Transcription, pictures excluded: write out the data below exactly.

__Exercise data__:
----------

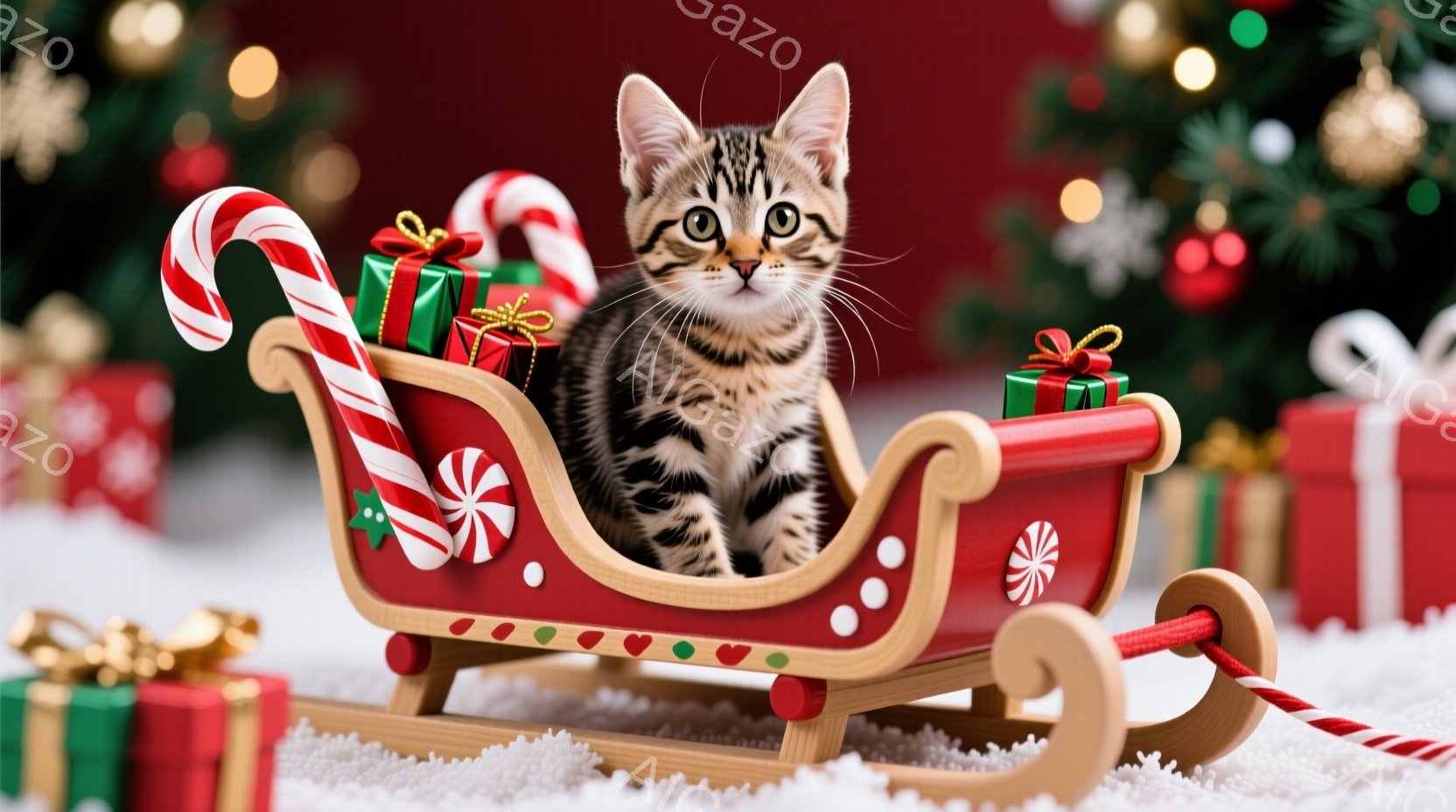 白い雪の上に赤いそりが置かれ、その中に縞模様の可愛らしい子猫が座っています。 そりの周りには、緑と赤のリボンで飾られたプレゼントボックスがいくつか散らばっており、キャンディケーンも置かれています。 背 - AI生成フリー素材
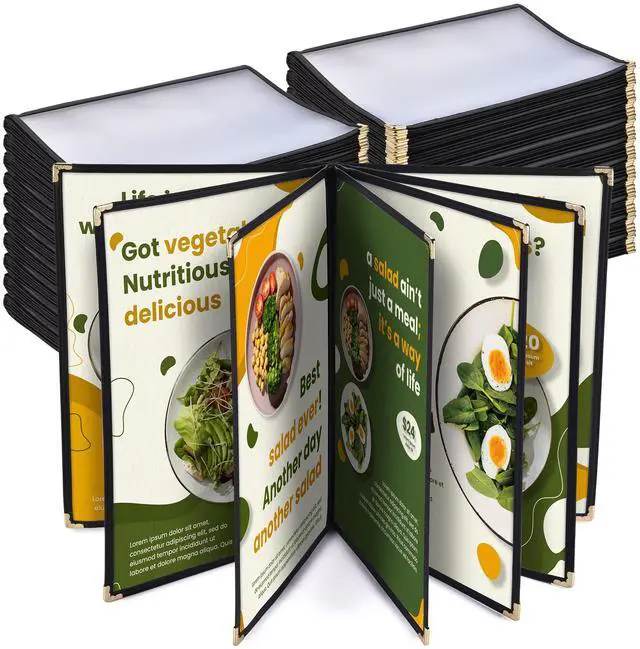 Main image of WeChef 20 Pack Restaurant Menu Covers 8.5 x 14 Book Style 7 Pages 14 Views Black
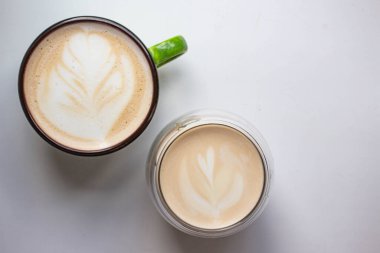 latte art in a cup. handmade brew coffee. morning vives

----------

__Answer for this exercise__:
 白い雪の上に赤いそりが置かれ、その中に縞模様の可愛らしい子猫が座っています。 そりの周りには、緑と赤のリボンで飾られたプレゼントボックスがいくつか散らばっており、キャンディケーンも置かれています。 背 - AI生成フリー素材
 Main image of WeChef 20 Pack Restaurant Menu Covers 8.5 x 14 Book Style 7 Pages 14 Views Black
 latte art in a cup. handmade brew coffee. morning vives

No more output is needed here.